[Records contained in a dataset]
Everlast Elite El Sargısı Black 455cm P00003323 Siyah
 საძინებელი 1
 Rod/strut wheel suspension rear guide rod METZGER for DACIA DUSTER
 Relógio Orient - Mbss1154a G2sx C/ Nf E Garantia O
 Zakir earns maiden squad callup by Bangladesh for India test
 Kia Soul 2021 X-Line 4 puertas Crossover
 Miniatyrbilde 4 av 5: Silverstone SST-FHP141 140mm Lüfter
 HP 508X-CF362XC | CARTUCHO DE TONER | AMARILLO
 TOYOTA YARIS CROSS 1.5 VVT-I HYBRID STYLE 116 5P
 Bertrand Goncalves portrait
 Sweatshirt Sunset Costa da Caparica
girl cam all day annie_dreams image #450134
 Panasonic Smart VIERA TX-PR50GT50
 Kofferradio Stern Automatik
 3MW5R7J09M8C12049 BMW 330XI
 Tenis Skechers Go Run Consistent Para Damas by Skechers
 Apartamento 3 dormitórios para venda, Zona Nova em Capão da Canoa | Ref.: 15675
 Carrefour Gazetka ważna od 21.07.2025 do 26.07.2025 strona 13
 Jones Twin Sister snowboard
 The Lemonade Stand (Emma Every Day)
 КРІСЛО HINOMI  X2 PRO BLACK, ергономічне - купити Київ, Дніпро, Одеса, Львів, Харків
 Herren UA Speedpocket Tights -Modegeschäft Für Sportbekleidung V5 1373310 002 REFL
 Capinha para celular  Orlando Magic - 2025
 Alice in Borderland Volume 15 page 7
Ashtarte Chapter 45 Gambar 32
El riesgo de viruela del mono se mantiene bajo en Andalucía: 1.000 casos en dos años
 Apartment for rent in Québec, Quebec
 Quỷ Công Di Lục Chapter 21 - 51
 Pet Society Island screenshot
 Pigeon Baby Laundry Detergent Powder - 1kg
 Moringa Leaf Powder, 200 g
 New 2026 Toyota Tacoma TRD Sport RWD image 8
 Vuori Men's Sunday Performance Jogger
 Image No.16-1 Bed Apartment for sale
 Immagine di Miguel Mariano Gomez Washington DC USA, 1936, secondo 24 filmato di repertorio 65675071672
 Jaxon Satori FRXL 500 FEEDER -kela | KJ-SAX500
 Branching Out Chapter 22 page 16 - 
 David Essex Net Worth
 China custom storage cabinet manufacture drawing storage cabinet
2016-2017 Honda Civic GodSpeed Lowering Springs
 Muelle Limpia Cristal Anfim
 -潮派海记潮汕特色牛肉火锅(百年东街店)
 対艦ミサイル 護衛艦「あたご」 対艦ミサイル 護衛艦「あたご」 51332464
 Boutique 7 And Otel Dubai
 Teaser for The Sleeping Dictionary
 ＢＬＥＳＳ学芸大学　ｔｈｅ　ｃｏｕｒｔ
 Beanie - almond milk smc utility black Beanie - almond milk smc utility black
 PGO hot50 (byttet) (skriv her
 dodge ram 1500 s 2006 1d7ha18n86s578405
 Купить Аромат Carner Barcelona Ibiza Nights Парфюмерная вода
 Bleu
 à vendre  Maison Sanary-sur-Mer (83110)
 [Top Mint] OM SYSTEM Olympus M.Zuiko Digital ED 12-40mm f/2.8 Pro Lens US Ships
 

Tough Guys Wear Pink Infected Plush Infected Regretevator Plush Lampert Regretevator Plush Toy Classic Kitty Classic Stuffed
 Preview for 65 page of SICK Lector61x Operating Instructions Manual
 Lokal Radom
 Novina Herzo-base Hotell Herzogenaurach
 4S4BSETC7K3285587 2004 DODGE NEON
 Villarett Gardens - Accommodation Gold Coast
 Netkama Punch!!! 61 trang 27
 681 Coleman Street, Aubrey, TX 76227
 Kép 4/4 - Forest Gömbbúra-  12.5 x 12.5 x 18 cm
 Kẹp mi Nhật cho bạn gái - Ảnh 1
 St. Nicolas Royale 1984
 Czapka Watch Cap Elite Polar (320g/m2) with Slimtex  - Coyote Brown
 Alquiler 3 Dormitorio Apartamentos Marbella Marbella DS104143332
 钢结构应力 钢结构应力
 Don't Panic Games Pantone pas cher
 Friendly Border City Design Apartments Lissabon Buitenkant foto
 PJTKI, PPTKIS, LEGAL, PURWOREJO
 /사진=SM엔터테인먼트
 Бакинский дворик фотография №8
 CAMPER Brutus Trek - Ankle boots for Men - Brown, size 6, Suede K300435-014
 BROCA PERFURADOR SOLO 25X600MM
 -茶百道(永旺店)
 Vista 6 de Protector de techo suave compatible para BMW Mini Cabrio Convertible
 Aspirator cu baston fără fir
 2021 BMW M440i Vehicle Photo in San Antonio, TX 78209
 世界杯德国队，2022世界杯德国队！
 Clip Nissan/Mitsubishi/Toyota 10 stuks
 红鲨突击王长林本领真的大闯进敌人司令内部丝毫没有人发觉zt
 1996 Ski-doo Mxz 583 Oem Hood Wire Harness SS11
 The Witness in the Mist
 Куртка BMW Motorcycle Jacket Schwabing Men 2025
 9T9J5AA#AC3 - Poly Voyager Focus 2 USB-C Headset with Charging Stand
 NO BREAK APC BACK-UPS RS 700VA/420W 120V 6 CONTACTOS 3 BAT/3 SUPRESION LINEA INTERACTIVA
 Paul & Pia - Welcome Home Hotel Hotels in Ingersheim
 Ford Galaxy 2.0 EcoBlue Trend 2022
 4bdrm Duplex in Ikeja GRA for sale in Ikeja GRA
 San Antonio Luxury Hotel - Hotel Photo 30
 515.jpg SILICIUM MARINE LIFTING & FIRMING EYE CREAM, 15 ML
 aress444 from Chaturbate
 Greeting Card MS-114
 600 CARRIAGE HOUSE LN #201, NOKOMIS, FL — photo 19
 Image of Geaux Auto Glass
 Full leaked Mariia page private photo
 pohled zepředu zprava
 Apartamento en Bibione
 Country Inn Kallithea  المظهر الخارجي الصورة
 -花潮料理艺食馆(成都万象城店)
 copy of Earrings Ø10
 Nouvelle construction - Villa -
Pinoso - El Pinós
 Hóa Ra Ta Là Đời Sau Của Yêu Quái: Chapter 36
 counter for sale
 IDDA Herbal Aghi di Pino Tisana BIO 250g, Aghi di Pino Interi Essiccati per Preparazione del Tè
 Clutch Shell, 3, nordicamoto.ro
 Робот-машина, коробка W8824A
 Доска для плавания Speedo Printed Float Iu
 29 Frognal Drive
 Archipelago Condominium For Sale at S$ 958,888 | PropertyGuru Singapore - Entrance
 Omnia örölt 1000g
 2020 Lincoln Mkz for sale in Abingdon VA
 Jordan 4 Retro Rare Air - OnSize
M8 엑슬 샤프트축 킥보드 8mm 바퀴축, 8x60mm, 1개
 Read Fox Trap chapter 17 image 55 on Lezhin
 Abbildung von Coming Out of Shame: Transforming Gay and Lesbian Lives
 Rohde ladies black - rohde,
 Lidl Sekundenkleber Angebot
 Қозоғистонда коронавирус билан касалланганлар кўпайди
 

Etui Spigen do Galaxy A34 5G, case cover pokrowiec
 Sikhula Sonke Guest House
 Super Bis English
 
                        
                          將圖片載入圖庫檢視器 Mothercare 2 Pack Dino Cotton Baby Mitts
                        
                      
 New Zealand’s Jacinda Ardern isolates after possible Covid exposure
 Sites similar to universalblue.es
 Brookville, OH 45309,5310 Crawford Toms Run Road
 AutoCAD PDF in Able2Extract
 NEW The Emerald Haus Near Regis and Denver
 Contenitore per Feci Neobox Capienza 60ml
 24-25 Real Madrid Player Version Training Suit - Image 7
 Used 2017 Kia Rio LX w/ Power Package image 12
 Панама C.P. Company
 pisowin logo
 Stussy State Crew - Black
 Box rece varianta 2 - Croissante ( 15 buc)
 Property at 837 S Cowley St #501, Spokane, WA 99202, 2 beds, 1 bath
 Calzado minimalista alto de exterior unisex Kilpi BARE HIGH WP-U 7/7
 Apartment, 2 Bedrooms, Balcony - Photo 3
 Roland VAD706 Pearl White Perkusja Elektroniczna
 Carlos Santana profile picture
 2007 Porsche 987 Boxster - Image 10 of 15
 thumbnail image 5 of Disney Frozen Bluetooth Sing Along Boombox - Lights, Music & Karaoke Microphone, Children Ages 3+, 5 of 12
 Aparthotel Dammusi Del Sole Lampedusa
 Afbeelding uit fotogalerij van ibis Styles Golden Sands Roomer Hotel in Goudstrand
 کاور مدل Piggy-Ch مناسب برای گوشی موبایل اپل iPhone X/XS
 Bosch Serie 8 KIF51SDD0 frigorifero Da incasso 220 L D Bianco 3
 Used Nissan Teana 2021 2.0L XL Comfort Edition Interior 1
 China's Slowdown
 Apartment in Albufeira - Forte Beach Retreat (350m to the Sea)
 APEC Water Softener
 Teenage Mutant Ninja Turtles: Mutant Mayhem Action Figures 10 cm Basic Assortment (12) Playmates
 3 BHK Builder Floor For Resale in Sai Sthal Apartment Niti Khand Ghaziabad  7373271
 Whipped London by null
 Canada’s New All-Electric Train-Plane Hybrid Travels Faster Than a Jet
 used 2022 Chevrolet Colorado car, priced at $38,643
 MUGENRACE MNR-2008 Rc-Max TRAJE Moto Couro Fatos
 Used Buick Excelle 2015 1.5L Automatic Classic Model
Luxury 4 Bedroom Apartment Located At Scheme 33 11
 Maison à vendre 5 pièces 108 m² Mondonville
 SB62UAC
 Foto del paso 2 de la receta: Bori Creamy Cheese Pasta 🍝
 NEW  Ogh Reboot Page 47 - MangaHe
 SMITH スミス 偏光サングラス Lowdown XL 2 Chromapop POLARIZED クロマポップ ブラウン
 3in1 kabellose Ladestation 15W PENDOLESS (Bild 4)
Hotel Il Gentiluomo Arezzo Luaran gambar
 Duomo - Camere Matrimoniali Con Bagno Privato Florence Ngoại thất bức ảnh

◆ YOUR GOAL ◆
Across the entries above, how many lines carry the word "Nissan"? Write only the number.

◆ EXERCISE RESULT ◆
2